§ **WORK TASK**:
The reply should hold only the lines from the one with "Italy Vacation Villa" to the one with "国内前十股票配资平台如这秋日里的枫叶与金菊", both ends kept, exactly as they appear below, without any pictures.

§ **INPUT FOR THIS TASK**:
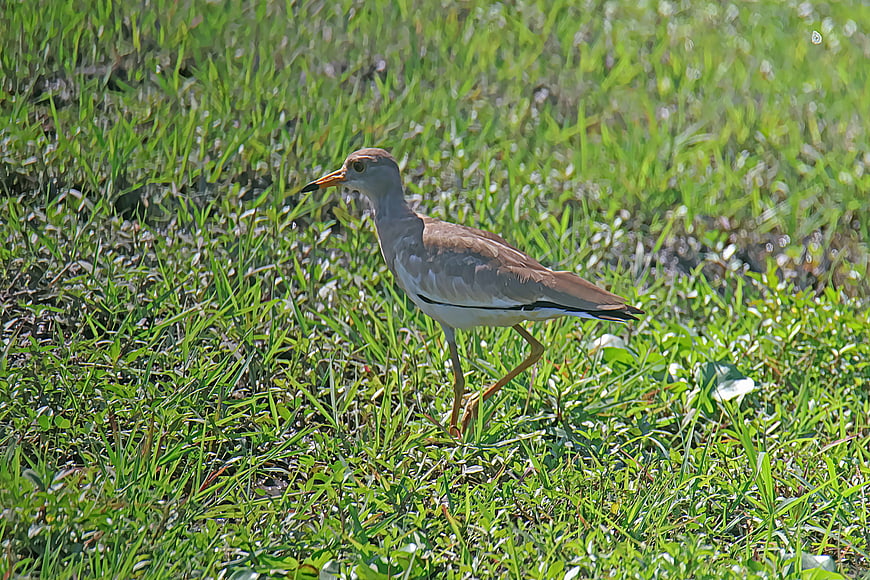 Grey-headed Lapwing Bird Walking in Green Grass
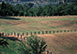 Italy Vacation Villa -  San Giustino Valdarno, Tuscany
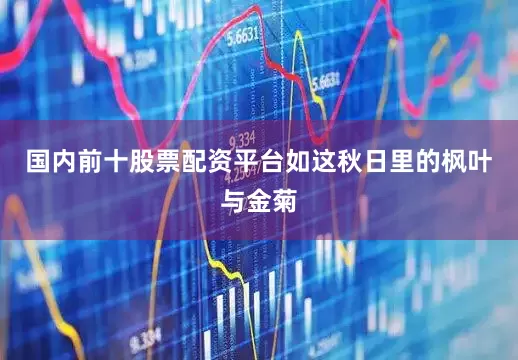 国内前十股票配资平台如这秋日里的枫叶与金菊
* * *
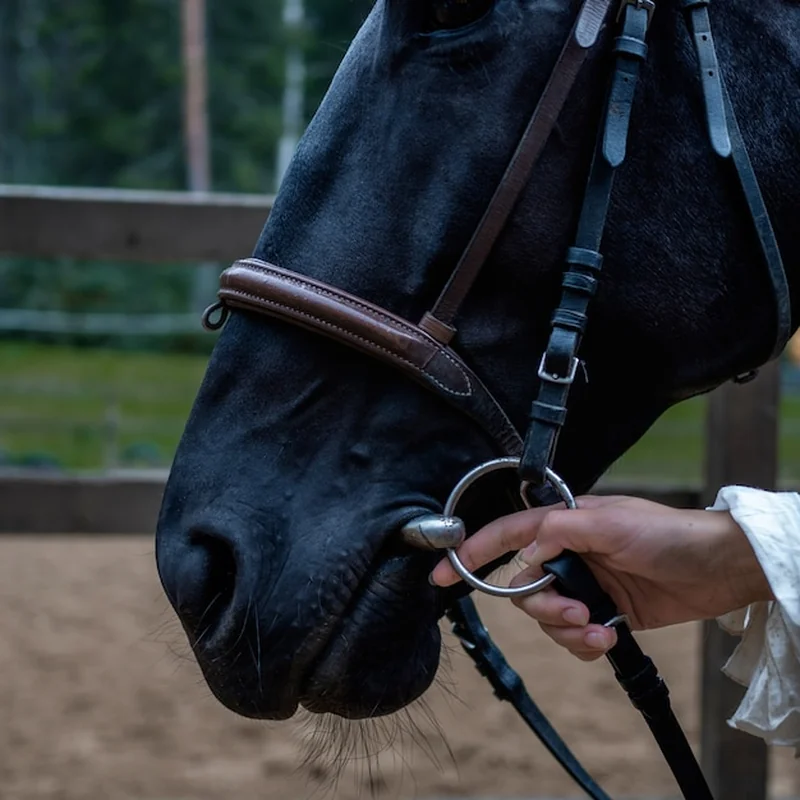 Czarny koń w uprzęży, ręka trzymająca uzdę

§ **TASK SOLUTION**:
 Italy Vacation Villa -  San Giustino Valdarno, Tuscany
 国内前十股票配资平台如这秋日里的枫叶与金菊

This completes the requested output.